__What is needed__. Check every line of the data and copy the ones where "girl" appears.

[Caption-style text data]

* * * *

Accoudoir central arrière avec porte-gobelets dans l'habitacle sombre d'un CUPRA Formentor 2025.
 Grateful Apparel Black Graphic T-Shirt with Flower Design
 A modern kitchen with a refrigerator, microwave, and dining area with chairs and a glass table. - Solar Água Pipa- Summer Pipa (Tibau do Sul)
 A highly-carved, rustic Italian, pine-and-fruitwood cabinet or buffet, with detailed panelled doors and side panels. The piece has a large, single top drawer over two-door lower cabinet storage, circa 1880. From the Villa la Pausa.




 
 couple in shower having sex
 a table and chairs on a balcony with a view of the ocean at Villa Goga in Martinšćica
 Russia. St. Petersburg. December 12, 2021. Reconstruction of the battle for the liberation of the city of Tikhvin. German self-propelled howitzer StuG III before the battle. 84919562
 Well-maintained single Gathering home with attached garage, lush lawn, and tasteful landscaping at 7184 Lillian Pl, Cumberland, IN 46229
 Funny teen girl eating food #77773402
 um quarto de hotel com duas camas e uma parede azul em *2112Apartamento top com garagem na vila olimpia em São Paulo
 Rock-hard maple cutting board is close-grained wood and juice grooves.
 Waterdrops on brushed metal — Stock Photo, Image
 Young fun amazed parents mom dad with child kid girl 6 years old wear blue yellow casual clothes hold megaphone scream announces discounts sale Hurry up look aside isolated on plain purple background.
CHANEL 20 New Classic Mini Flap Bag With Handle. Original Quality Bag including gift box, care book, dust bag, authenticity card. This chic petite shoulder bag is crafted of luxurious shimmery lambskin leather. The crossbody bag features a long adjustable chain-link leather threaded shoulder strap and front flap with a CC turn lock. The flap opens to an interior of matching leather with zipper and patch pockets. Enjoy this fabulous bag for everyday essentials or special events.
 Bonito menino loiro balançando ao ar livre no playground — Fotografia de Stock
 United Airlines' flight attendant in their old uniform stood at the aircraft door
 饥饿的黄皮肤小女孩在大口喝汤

* * * *

__Task solution__.
 Funny teen girl eating food #77773402
 Young fun amazed parents mom dad with child kid girl 6 years old wear blue yellow casual clothes hold megaphone scream announces discounts sale Hurry up look aside isolated on plain purple background.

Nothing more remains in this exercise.